*What is required*. Make an exact copy of the records, and keep the pictures out of it.

________________

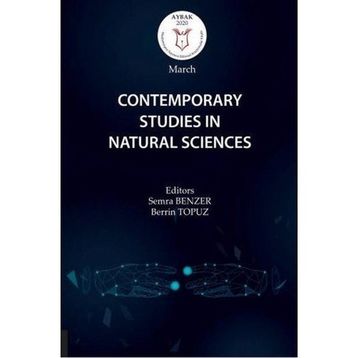 Akademisyen Kitabevi Contemporary Studies in Natural Sciences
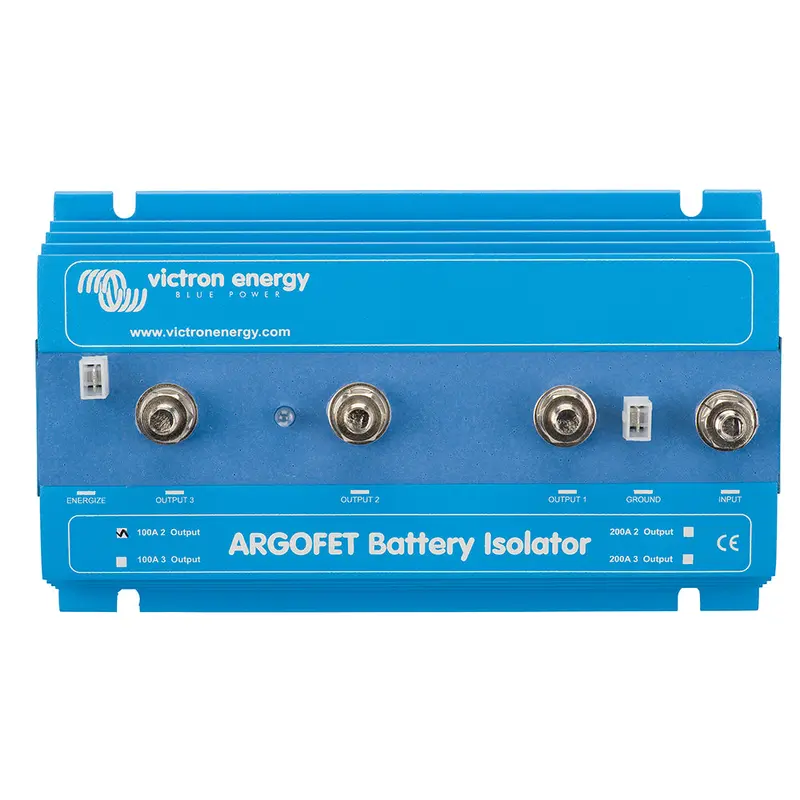 Victron Argofet Battery Isolator - 100Amp - 2 Batteries [Arg100201020] 1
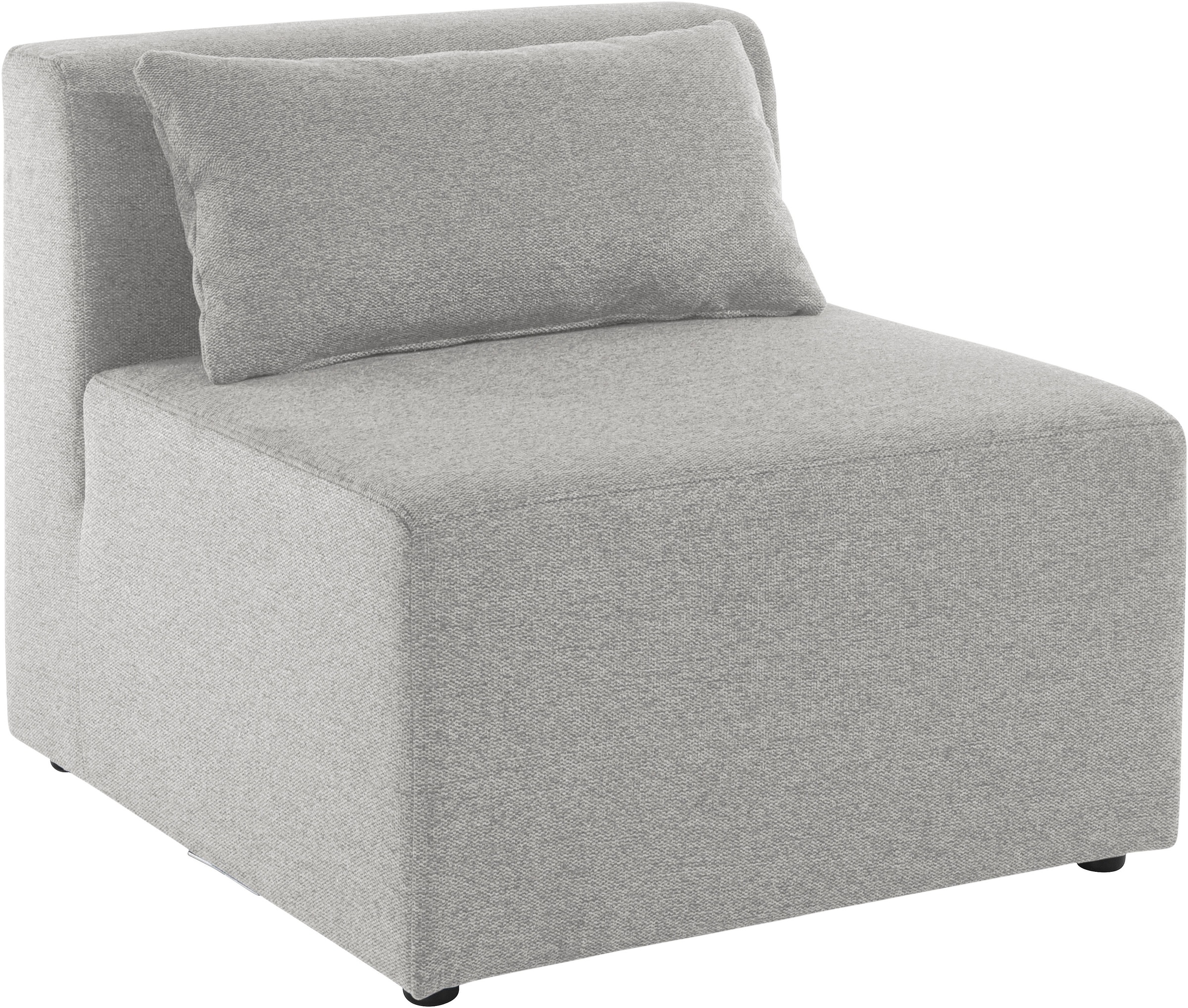 Leonique Sofa-Mittelelement »Alexane«, Modul zum eigenen Zusammenstellen; v günstig online kaufen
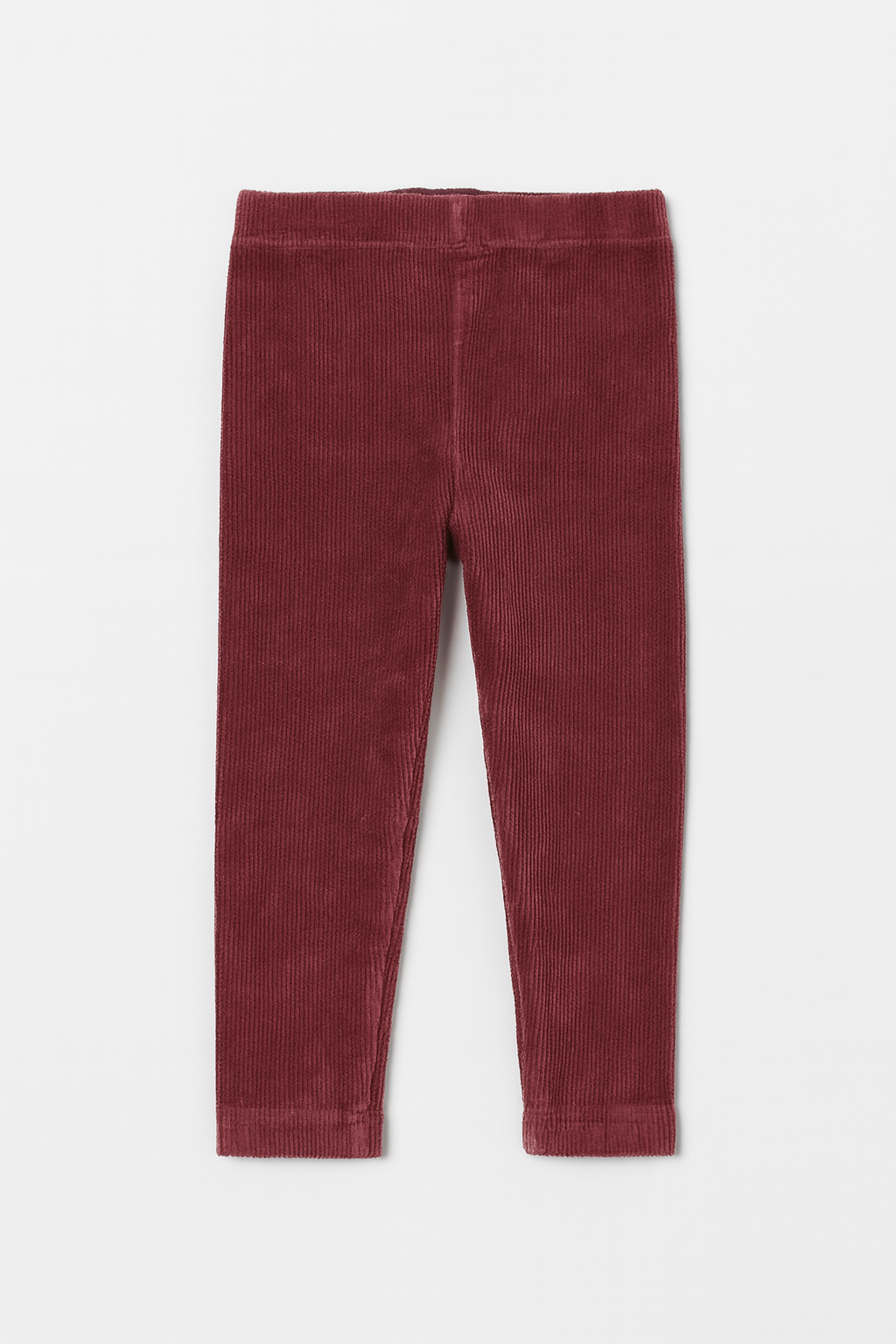 Pantalon fille seconde main en velours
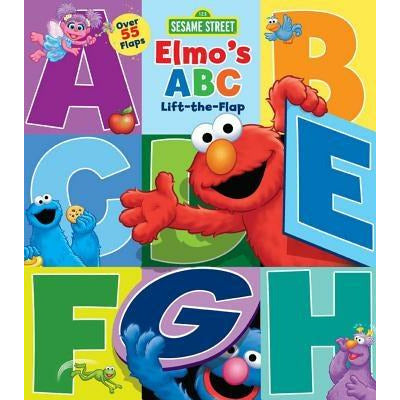 Sesame Street: Elmo's ABC Lift-The-Flap, 29 by Tom Brannon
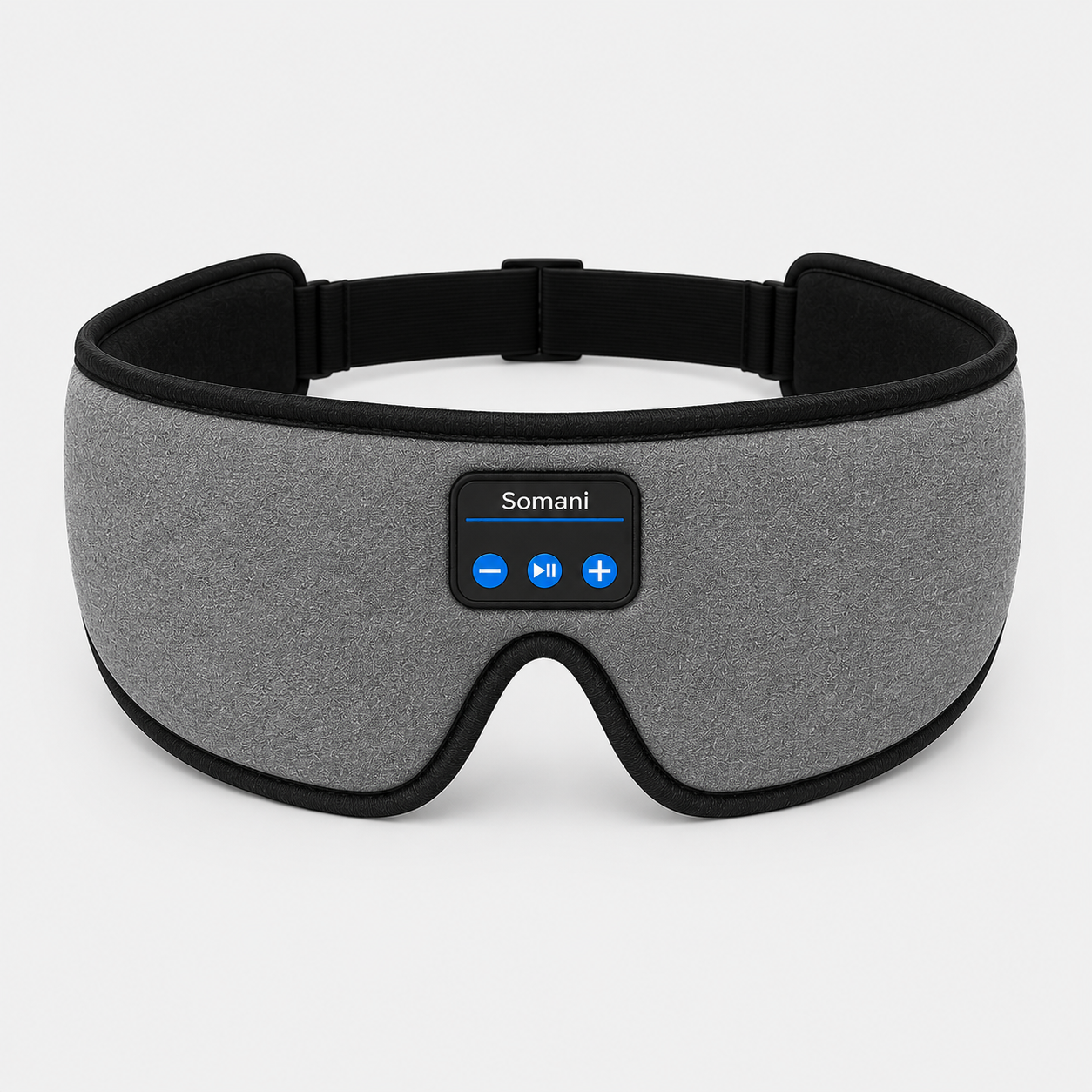 Dreamsound grijs slaapmasker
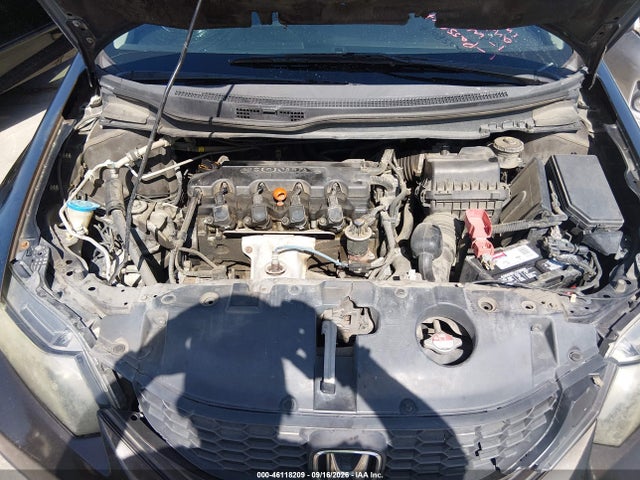 Продаж на аукціоні авто 2013 Honda Civic Lx, vin: 2HGFB2F5XDH583165, номер лоту: 46118209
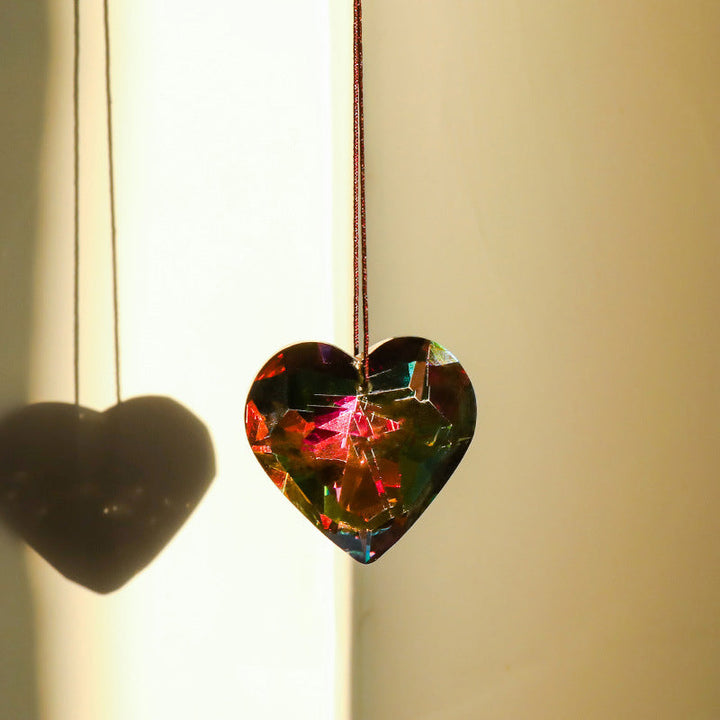 BowLift | Hanging Heart Sun Catcher Prisma Craft Projects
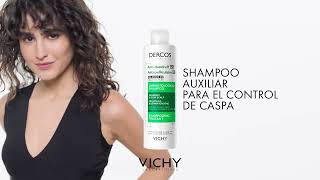 Dercos marca 1 recomendada por dermatólogos para el control de caspa en el mundo [upl. by Annonyw]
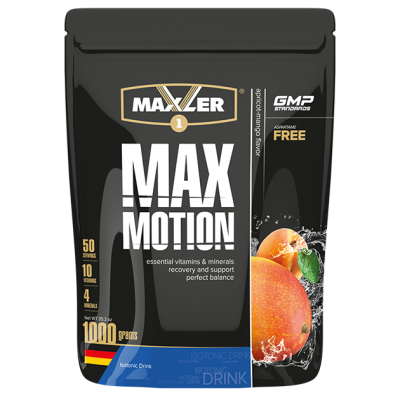 Детальное фото Maxler Max Motion (1000 гр) Абрикос-манго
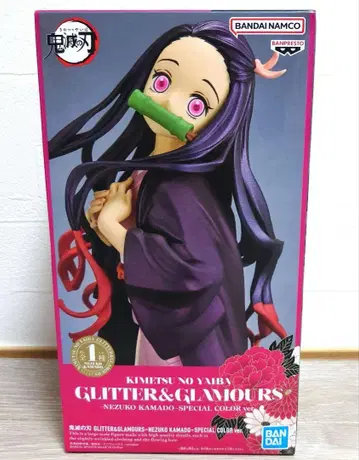 귀멸의 칼날 카마도 네즈코 피규어 GLITER&GLAMOURS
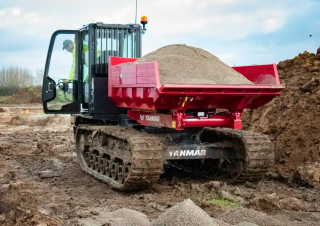 Самосвали на вериги Yanmar C50R-5A  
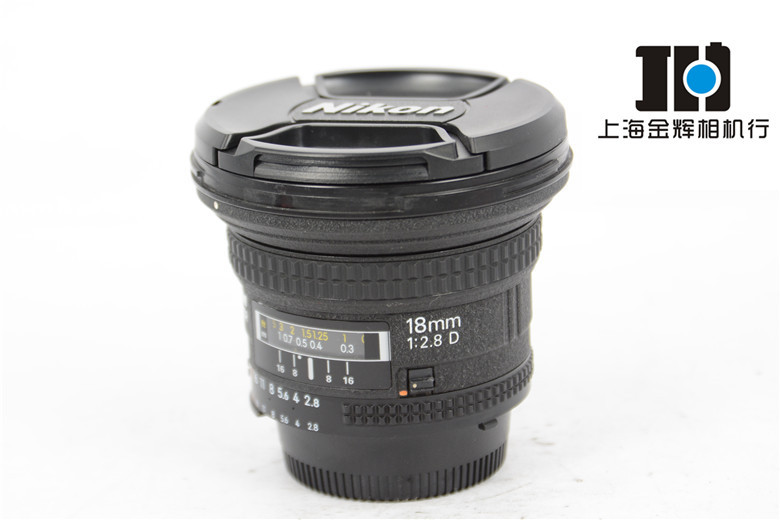  Nikon/尼康 AF 18/2.8D 广角定焦 自动对焦 实体现货 二手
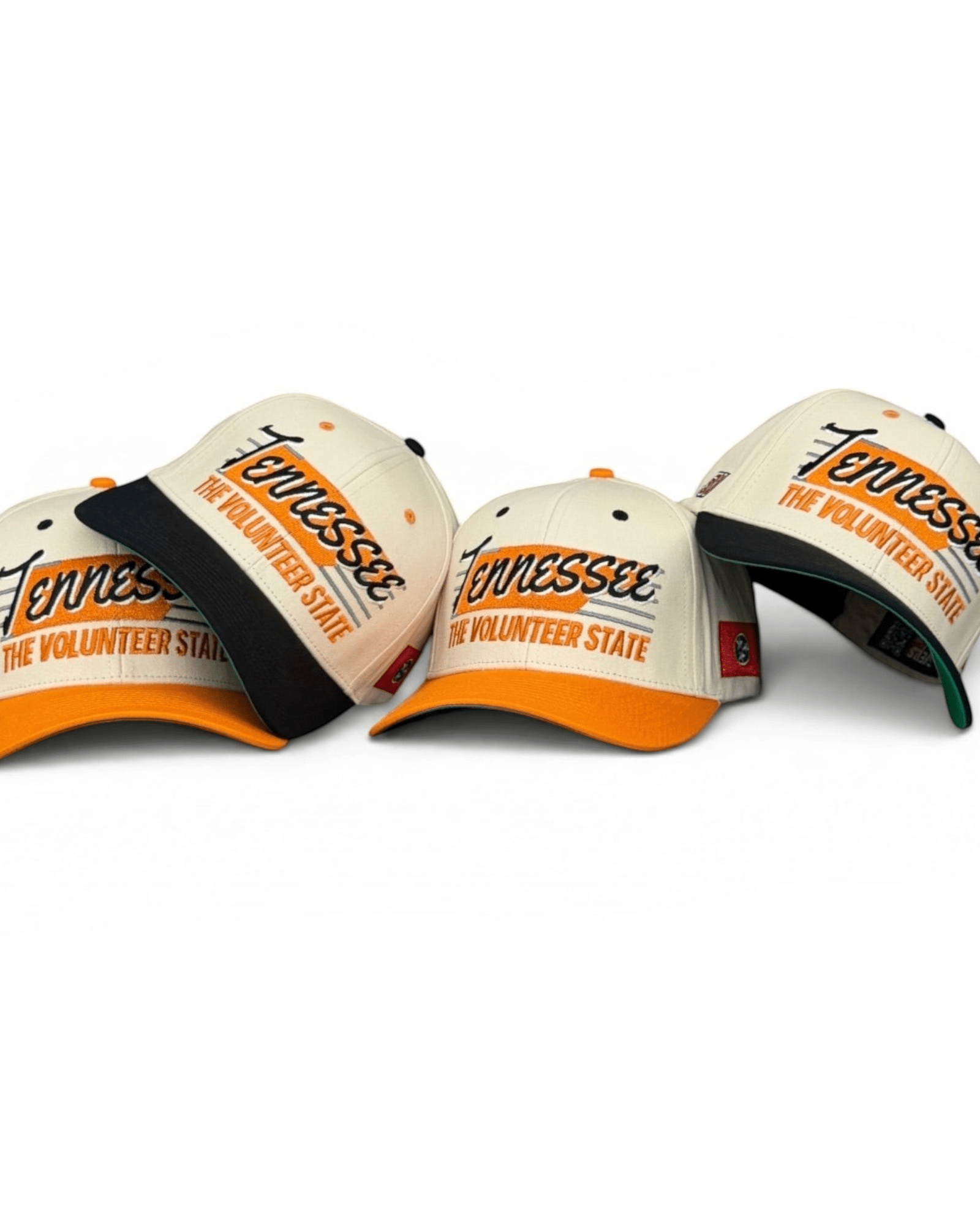 Vintage Tennessee Snapback Hat | Volunteers Colors | Retro-Style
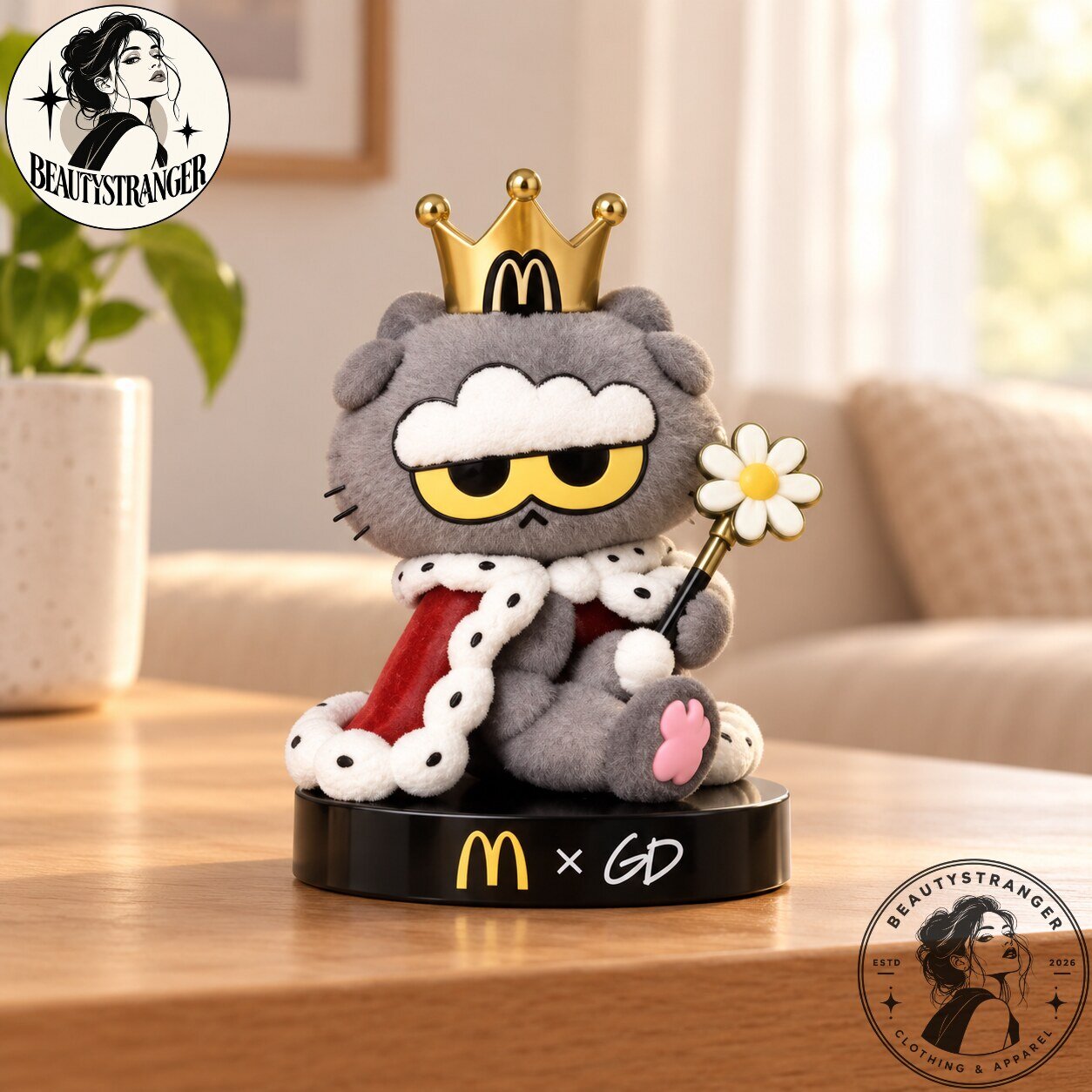 G-DRAGON x McDonald’s King Daisy Collectible Figure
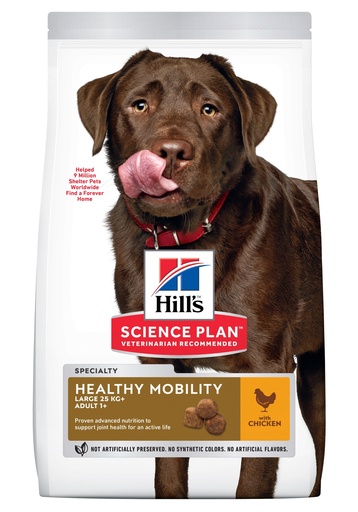 [H8097M] Hills Canine Mobility Large Breed 12 kg.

________________

*Result of the exercise*.
 Akademisyen Kitabevi Contemporary Studies in Natural Sciences
 Victron Argofet Battery Isolator - 100Amp - 2 Batteries [Arg100201020] 1
 Leonique Sofa-Mittelelement »Alexane«, Modul zum eigenen Zusammenstellen; v günstig online kaufen
 Pantalon fille seconde main en velours
 Sesame Street: Elmo's ABC Lift-The-Flap, 29 by Tom Brannon
 Dreamsound grijs slaapmasker
 Продаж на аукціоні авто 2013 Honda Civic Lx, vin: 2HGFB2F5XDH583165, номер лоту: 46118209
 BowLift | Hanging Heart Sun Catcher Prisma Craft Projects
 Dercos marca 1 recomendada por dermatólogos para el control de caspa en el mundo [upl. by Annonyw]
 Детальное фото Maxler Max Motion (1000 гр) Абрикос-манго
 귀멸의 칼날 카마도 네즈코 피규어 GLITER&GLAMOURS
 Самосвали на вериги Yanmar C50R-5A  
  Nikon/尼康 AF 18/2.8D 广角定焦 自动对焦 实体现货 二手
 Vintage Tennessee Snapback Hat | Volunteers Colors | Retro-Style
 G-DRAGON x McDonald’s King Daisy Collectible Figure
 [H8097M] Hills Canine Mobility Large Breed 12 kg.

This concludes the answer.